*INFORMATION PROVIDED*.
··········
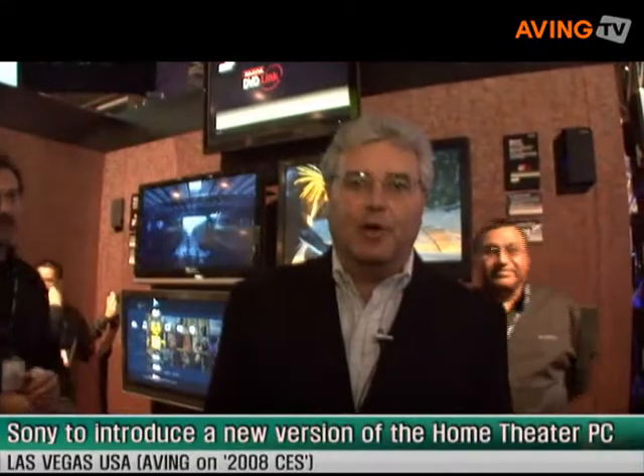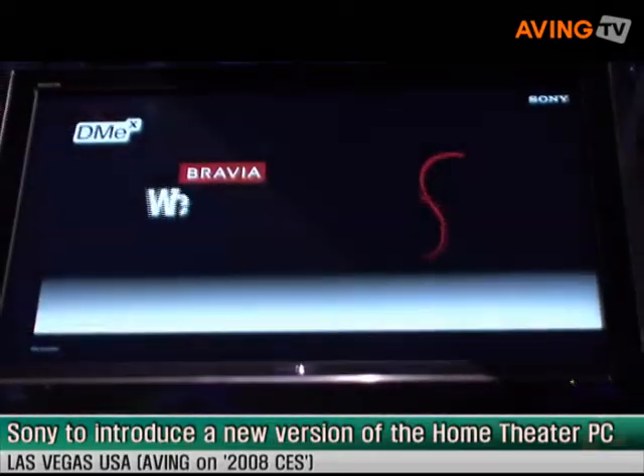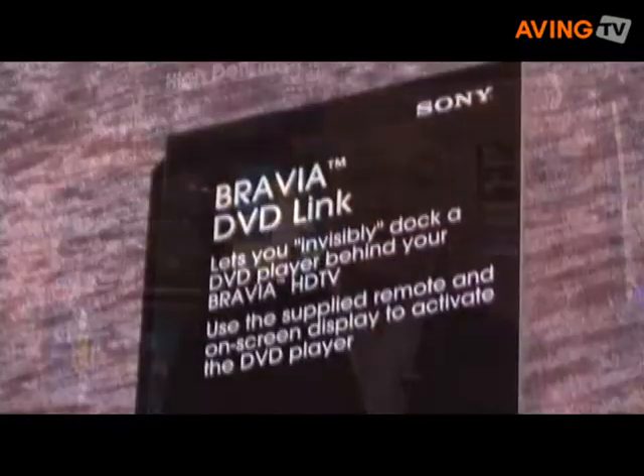In this area, what we are showing is a totally new concept in television entertainment for the Sony Bravia TVs. A few months ago we started it with the Bravia Internet Video Link, which essentially is a module that clips on the back of your TV set and streams content from a variety of content partners. We just announced CBS as a partner last night. Now what we are showing as well are three additional new modules for the Bravia TV based on this DMEX technology.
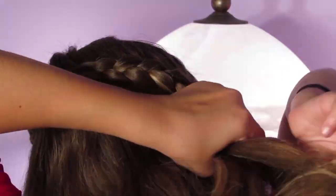Now I'm just going to be doing a regular three-strand braid — a regular Dutch braid, inside-out braid — but I'm not adding any hair to it.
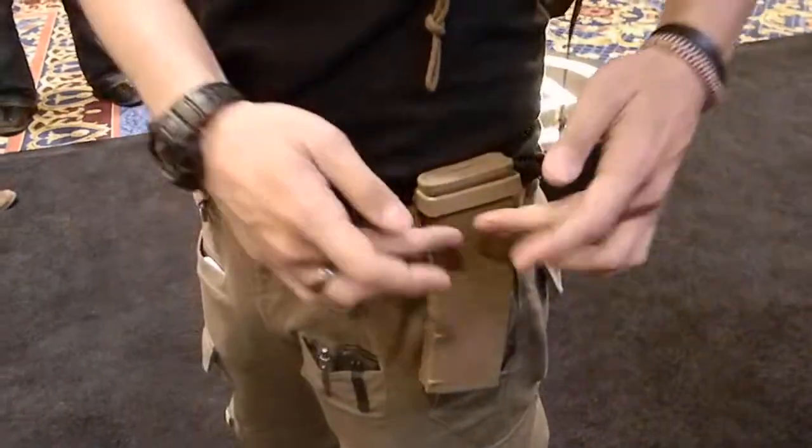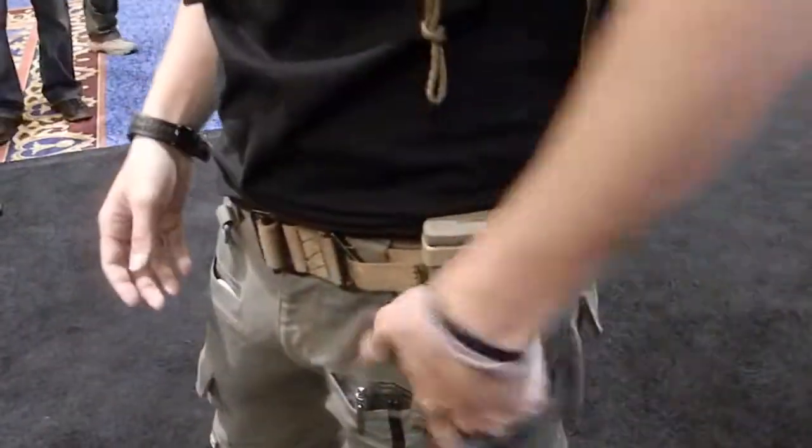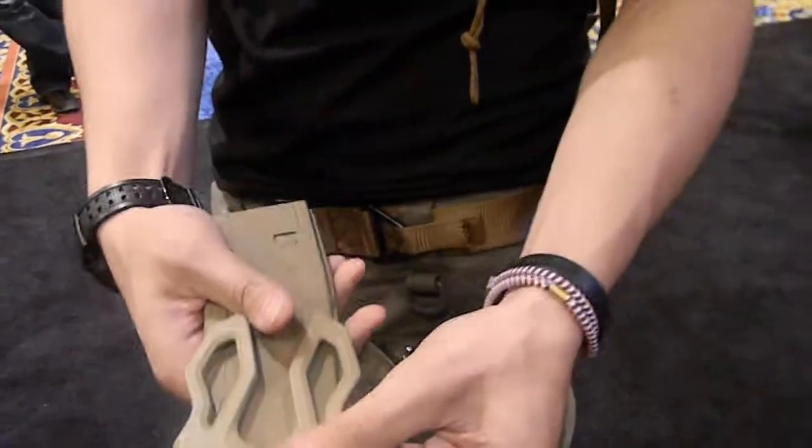It provides you a quick reload. This clip will actually stay on the magazine. So if you need a quick reload, just pull it out, put it into your gun pretty quick. That stays on the gun.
··········
*WHAT NEEDS TO BE DONE*.
Reproduce the listing exactly. Do not include its images.

*RESULT*.
In this area, what we are showing is a totally new concept in television entertainment for the Sony Bravia TVs. A few months ago we started it with the Bravia Internet Video Link, which essentially is a module that clips on the back of your TV set and streams content from a variety of content partners. We just announced CBS as a partner last night. Now what we are showing as well are three additional new modules for the Bravia TV based on this DMEX technology.
Now I'm just going to be doing a regular three-strand braid — a regular Dutch braid, inside-out braid — but I'm not adding any hair to it.
It provides you a quick reload. This clip will actually stay on the magazine. So if you need a quick reload, just pull it out, put it into your gun pretty quick. That stays on the gun.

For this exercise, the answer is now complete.